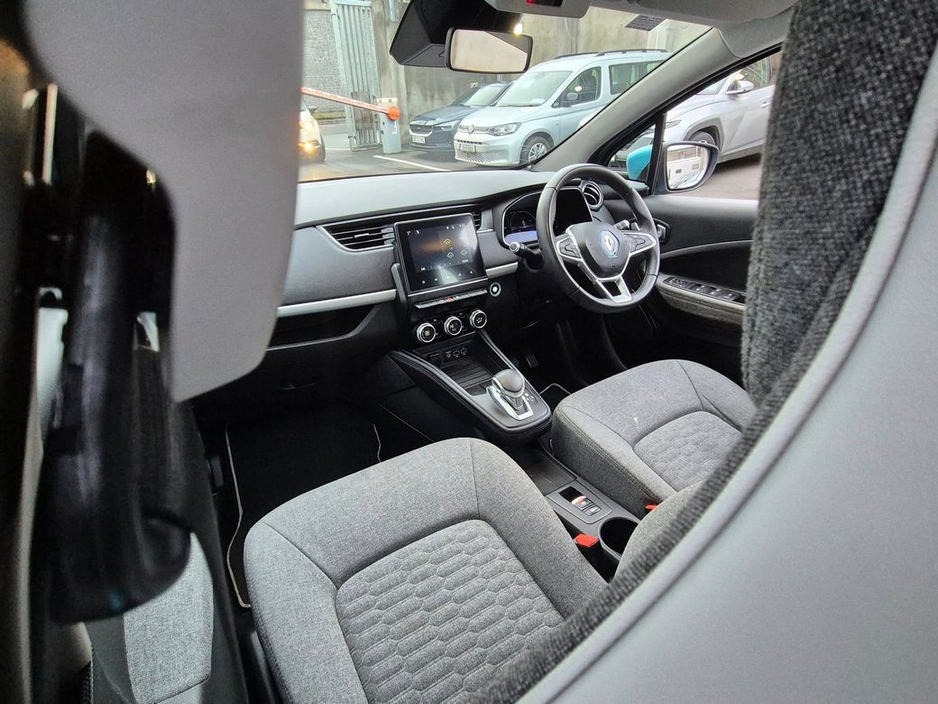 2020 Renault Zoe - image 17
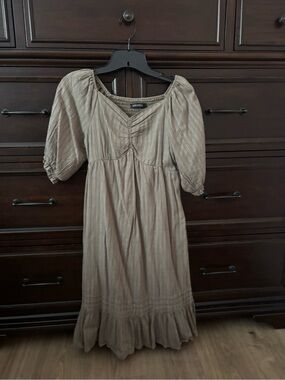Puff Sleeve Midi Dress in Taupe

* * *

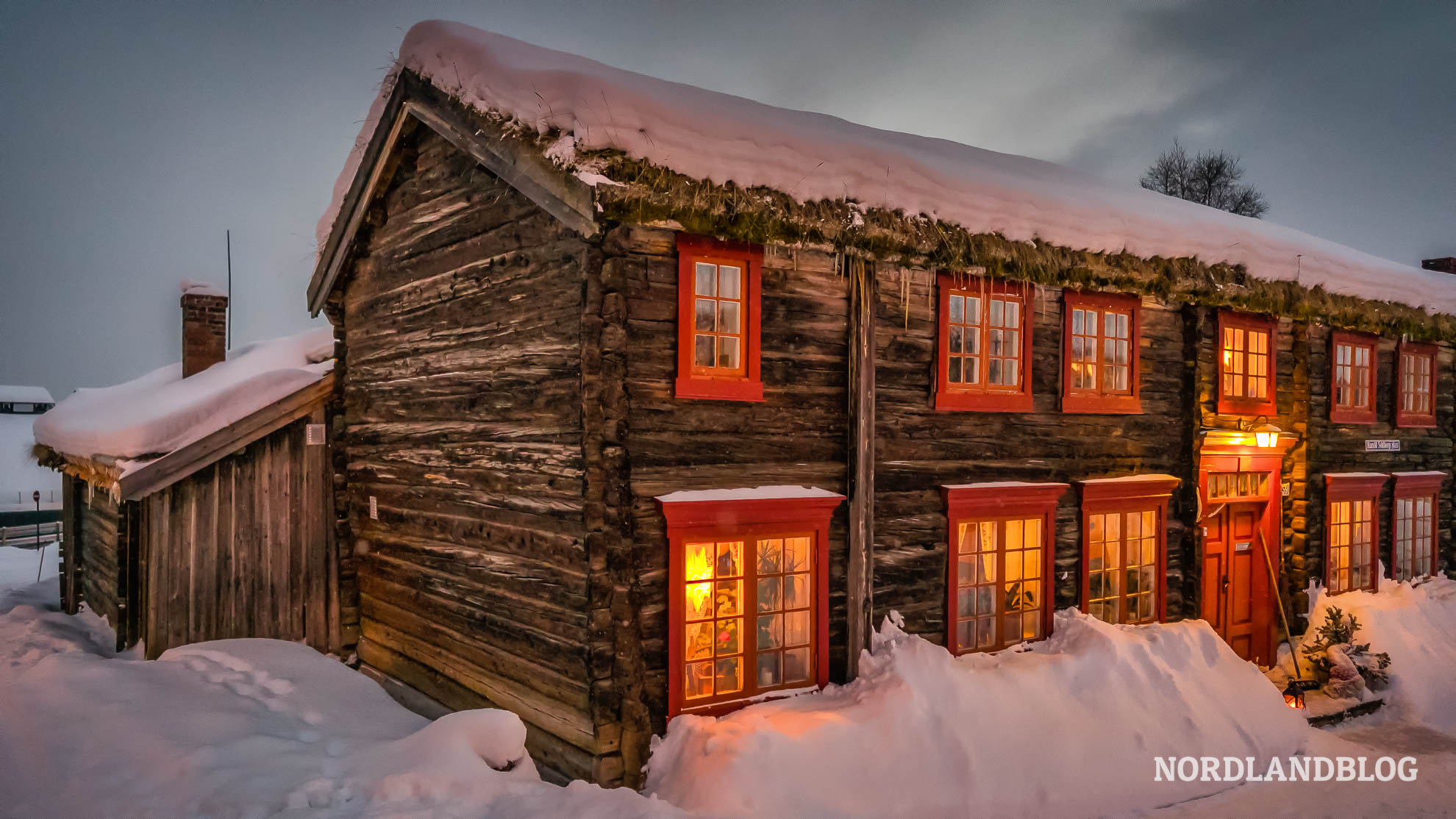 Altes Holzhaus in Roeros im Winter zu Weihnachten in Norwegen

◆ WHAT TO DO: Nothing but the lines above from the line with "2020 Renault Zoe - image 17" up to and including the line with "Puff Sleeve Midi Dress in Taupe" should be returned, exactly as written and without pictures.

◆ SOLUTION TO THIS TASK:
 2020 Renault Zoe - image 17
Puff Sleeve Midi Dress in Taupe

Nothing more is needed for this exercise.